> **Stored items from a collection**

*-*-*

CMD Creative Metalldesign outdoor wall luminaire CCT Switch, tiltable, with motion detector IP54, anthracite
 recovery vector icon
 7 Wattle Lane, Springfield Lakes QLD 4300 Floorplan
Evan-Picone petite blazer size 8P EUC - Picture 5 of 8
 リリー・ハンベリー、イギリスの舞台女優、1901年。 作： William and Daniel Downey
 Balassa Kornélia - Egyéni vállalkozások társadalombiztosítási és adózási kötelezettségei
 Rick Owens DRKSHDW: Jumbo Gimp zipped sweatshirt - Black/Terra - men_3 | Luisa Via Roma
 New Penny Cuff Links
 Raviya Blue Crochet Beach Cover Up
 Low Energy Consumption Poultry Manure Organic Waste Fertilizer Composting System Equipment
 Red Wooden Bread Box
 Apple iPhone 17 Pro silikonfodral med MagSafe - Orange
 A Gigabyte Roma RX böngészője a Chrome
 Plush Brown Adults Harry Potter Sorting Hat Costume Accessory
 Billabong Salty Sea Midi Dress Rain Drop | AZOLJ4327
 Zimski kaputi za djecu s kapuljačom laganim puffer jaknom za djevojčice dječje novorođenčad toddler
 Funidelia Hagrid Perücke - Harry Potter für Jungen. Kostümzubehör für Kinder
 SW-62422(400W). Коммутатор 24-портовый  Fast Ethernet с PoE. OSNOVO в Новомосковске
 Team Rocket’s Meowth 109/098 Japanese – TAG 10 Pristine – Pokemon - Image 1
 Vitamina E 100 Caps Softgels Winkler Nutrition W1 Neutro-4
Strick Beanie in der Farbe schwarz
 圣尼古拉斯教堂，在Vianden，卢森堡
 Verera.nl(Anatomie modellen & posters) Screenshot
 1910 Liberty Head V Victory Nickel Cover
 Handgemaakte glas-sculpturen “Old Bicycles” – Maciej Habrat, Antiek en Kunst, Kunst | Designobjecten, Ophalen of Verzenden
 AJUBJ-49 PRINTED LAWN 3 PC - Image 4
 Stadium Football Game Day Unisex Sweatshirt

*-*-*

> **WORK REQUEST**
Could you write out all of the entries precisely as they stand?

> **TASK ANSWER**
CMD Creative Metalldesign outdoor wall luminaire CCT Switch, tiltable, with motion detector IP54, anthracite
 recovery vector icon
 7 Wattle Lane, Springfield Lakes QLD 4300 Floorplan
Evan-Picone petite blazer size 8P EUC - Picture 5 of 8
 リリー・ハンベリー、イギリスの舞台女優、1901年。 作： William and Daniel Downey
 Balassa Kornélia - Egyéni vállalkozások társadalombiztosítási és adózási kötelezettségei
 Rick Owens DRKSHDW: Jumbo Gimp zipped sweatshirt - Black/Terra - men_3 | Luisa Via Roma
 New Penny Cuff Links
 Raviya Blue Crochet Beach Cover Up
 Low Energy Consumption Poultry Manure Organic Waste Fertilizer Composting System Equipment
 Red Wooden Bread Box
 Apple iPhone 17 Pro silikonfodral med MagSafe - Orange
 A Gigabyte Roma RX böngészője a Chrome
 Plush Brown Adults Harry Potter Sorting Hat Costume Accessory
 Billabong Salty Sea Midi Dress Rain Drop | AZOLJ4327
 Zimski kaputi za djecu s kapuljačom laganim puffer jaknom za djevojčice dječje novorođenčad toddler
 Funidelia Hagrid Perücke - Harry Potter für Jungen. Kostümzubehör für Kinder
 SW-62422(400W). Коммутатор 24-портовый  Fast Ethernet с PoE. OSNOVO в Новомосковске
 Team Rocket’s Meowth 109/098 Japanese – TAG 10 Pristine – Pokemon - Image 1
 Vitamina E 100 Caps Softgels Winkler Nutrition W1 Neutro-4
Strick Beanie in der Farbe schwarz
 圣尼古拉斯教堂，在Vianden，卢森堡
 Verera.nl(Anatomie modellen & posters) Screenshot
 1910 Liberty Head V Victory Nickel Cover
 Handgemaakte glas-sculpturen “Old Bicycles” – Maciej Habrat, Antiek en Kunst, Kunst | Designobjecten, Ophalen of Verzenden
 AJUBJ-49 PRINTED LAWN 3 PC - Image 4
 Stadium Football Game Day Unisex Sweatshirt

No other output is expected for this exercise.